The stars are quite literally aligned for widespread critical approval of "Get Low," but the movie's aura of prestige hardly reflects the subpar reality. Since its triumphant premiere at the Toronto International Film Festival in 2009, this dainty feel-good movie about death has picked up tremendous accolades for the focused emoting of 79-year-old lead Robert Duvall. The buzz obscures the truth: His expected talent is the sole redeeming factor in an otherwise insipid product.
Duvall has the archetypal southern gothic loner down pat. As the alienated woodsman Felix Bush, the actor dons a comically unkempt beard and the fixed scowl of a vintage Clint Eastwood character, fitting perfectly with the isolated Tennessee countryside where the story takes place. Set in 1938, "Get Low" revolves around the mystery of Felix's grim past, and his evident desire for closure with a narcissistic attempt to throw a funeral party for himself.
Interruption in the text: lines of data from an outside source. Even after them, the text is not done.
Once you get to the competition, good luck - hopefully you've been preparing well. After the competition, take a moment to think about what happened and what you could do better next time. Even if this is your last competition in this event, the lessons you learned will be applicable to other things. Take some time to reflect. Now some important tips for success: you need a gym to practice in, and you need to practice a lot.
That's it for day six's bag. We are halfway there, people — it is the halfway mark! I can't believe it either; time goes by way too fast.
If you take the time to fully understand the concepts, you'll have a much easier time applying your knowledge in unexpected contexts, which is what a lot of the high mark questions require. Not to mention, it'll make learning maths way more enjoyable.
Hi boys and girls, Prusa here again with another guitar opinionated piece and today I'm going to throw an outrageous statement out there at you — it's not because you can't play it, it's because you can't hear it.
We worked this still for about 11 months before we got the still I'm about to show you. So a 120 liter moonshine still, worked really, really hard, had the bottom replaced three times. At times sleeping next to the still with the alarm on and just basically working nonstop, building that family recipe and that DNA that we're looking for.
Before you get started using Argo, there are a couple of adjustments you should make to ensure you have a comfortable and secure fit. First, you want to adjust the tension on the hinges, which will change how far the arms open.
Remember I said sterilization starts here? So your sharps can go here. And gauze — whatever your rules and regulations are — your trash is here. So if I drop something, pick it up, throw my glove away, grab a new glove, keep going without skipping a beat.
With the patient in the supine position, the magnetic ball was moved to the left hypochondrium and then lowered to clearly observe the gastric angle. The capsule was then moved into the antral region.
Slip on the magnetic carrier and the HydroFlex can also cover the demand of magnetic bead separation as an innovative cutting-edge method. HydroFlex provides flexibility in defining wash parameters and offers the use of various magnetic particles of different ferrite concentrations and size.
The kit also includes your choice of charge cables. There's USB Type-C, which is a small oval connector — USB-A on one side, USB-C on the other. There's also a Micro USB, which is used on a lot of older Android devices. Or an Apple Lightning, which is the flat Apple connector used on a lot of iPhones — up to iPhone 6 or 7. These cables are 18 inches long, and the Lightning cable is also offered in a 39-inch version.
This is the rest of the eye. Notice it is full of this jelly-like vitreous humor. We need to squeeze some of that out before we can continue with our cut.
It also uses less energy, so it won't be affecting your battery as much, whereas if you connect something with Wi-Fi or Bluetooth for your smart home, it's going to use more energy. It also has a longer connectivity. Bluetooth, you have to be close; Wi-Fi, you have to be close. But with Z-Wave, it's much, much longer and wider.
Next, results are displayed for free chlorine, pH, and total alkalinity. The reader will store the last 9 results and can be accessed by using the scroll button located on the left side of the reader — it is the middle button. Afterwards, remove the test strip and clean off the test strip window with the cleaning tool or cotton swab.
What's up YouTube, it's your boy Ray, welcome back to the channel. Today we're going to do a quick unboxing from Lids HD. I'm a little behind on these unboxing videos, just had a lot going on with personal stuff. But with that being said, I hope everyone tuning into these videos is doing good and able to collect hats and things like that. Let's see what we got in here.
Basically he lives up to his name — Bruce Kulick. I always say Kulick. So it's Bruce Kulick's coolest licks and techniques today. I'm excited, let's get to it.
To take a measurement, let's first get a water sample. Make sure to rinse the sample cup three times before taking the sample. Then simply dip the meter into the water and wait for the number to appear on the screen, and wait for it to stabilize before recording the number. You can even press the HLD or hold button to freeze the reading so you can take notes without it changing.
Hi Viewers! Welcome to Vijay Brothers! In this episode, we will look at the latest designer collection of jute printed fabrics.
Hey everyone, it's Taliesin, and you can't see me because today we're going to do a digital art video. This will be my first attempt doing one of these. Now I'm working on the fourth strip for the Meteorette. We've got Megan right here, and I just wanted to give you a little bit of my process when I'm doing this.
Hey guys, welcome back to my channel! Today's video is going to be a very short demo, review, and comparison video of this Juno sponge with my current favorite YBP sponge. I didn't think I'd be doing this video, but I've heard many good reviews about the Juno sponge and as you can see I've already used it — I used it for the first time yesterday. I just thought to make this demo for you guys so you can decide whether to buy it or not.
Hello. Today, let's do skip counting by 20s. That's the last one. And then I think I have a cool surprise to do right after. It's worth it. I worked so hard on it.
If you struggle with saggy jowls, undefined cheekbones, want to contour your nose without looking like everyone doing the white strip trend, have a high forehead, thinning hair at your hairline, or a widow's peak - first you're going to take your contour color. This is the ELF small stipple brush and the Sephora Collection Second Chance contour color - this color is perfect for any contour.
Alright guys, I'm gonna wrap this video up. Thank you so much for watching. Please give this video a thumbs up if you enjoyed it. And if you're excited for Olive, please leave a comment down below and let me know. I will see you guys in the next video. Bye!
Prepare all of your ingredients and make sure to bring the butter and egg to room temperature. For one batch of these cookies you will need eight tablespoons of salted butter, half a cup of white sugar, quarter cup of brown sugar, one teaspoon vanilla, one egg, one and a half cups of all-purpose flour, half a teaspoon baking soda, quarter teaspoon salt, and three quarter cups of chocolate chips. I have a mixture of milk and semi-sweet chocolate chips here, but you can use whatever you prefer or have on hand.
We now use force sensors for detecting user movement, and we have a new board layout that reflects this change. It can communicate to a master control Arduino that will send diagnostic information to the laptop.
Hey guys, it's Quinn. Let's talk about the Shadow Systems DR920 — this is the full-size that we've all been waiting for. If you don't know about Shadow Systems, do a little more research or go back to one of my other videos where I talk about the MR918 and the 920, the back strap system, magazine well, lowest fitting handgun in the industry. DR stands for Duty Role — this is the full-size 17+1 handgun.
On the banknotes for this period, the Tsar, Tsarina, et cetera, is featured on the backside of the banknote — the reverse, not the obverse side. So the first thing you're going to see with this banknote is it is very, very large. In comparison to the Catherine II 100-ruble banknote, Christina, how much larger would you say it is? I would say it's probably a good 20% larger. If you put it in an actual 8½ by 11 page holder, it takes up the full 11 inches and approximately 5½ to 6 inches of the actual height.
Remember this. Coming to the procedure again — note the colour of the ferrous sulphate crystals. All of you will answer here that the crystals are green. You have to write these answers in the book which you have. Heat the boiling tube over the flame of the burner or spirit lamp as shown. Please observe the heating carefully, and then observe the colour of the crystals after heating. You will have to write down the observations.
To handle the practical end of his unlikely mission, Felix enlists the help of the local funeral home, a creaky establishment operated by the slyly avaricious Frank Quinn (Bill Murray) and his shy young assistant, Buddy Robinson (Lucas Black). Hoping for a big payoff, Frank and Buddy launch an ambitious publicity campaign for Frank's unorthodox gathering, leading to a series of redundant scenes in which townspeople speak quizzically about the nature of Felix's request, and emphasize the enigmatic lore surrounding his past. He did something bad once, you see, that caused him to hide away in his solitary cabin forty years ago. And now he wants to atone for it. But since there's hardly a clue as to the specifics of Felix's misdeeds until late in the movie, we're given no reason to care about the him beyond the misery apparent in his dark eyes -- hence the Duvall overhype.
Felix's morbid party plan is allegedly based on a true story, but it reeks of superficiality, mainly due to the rudimentary screenplay by Chris Provenzano and C. Gaby Mitchell. Aaron Schneider, directing his first feature after winning an Oscar for his short film "Two Soldiers" in 2003, sticks close to the rustic atmosphere. But the whole thing amounts to little more than a flimsy costume drama. Stilted dialogue poses as profundity ("When the world's moving under you, there's no waiting"), while the folksy soundtrack contains enough twangy guitar riffs that you half expect Felix to drop the bleak act and bust out a hoedown.
The fakery at work in "Get Low" creates a strange tension with the quality of the performances and the lush environments captured by David Boyd's cinematography. Schneider has the right players at his disposal; potent drama seems like the natural corollary, and the cast puts a considerable effort into digging it out, particularly Murray and Duvall as tarnished men. Duvall in particular goes a long way toward legitimizing Felix's sadness, especially in the tender scenes he shares with an old female acquaintance (Sissy Spacek). Murray clearly relishes the opportunity to play a smarmy divorcé, and it's nice to see his old smirk return after an extensive period of zombification in other recent roles. But Frank is a flat character relegated to the sidelines by the time of the sappy climax.
The idea of a dying man's living wake has great movie potential, of course, and that movie does in fact exist: "The Living Wake," briefly released via D.I.Y. distribution earlier this year, is one of the most original American movies of the decade. Writer-director Sol Tryon's whimsical portrait of egotistical scribe K. Roth Binew (Mike O'Connell) and his adoring sidekick (Jesse Eisenberg) explores the notion of life and death with an infectious degree of narrative innovation. As K. Roth nears his pompous bash, the movie sustains a magical and at times brilliantly surreal energy marked by deadpan humor and imaginative song-and-dance sequences.
Felix's living wake, however, simply trudges along under the misconceived guise of emotional validity. Standing before a forest filled with extras, Duvall delivers an intense, violent anecdote, practically begging for the inevitable awards campaign. The eventual explanation for his self-imposed exile feels like a cheap shot. Rather than letting Felix's traumatic background gradually emerge, the screenwriters invest the entire weight of the movie in Duvall's tearful display. Such schmaltz deflates Felix's mystical dimensions and renders him puny instead. As a result, the finale seals the movie's fate. If Duvall provides "Get Low" with its only legitimate selling point, the captain willingly goes down with his ship.